Poverty, misogyny, and Christian fundamentalism in El Salvador lie behind the prison sentences of up to forty years handed down to seventeen women who were arrested for the crime of abortion, but sentenced for murder.

Do you remember the dystopian novel by Margaret Atwood The Handmaid's Tale, set in the near future in the Republic of Gilead, a theocratic military dictatorship formed within the borders of what was formerly the United States?

The novel begins with a staged terrorist attack (blamed on Islamic extremists) that kills the President and most congresspeople creating a movement calling itself the "Sons of Jacob" which launches a revolution and suspends the Constitution under the pretext of restoring order. The new regime moves quickly to consolidate its power and reorganize society along a new militarized, hierarchical, compulsorily regime.

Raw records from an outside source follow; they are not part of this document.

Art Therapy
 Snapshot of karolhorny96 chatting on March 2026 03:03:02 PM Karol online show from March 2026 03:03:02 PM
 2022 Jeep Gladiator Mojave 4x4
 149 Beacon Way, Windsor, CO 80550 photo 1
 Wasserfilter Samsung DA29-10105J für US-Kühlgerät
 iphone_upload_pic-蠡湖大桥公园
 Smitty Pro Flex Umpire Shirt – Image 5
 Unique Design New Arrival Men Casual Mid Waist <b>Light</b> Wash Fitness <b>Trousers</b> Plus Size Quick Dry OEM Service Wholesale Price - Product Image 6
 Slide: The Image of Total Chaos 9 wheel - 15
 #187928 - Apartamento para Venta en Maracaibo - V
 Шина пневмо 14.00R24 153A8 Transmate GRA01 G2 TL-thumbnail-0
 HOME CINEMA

Following the dictates of Christian Fundamentalism, in this society, women have no rights and many of them form a class of women kept as "handmaids" for reproductive purposes by the ruling class in an era of declining births due to sterility from radiation and other ecological disasters.  Yes this novel is fiction, but El Salvador, a tiny country in Central America, it is not. 

Even though El Salvador has one of the highest teen-age pregnancies, a very high maternal mortality rate and no sexual education, in 1998, this country reformed its penal code to include an absolute ban on abortion (this includes when a women’s life is in danger or in circumstances of rape, incest, or a fetus with no chances of surviving after birth) which makes it one of the most restrictive countries in the world for sexual and reproductive rights.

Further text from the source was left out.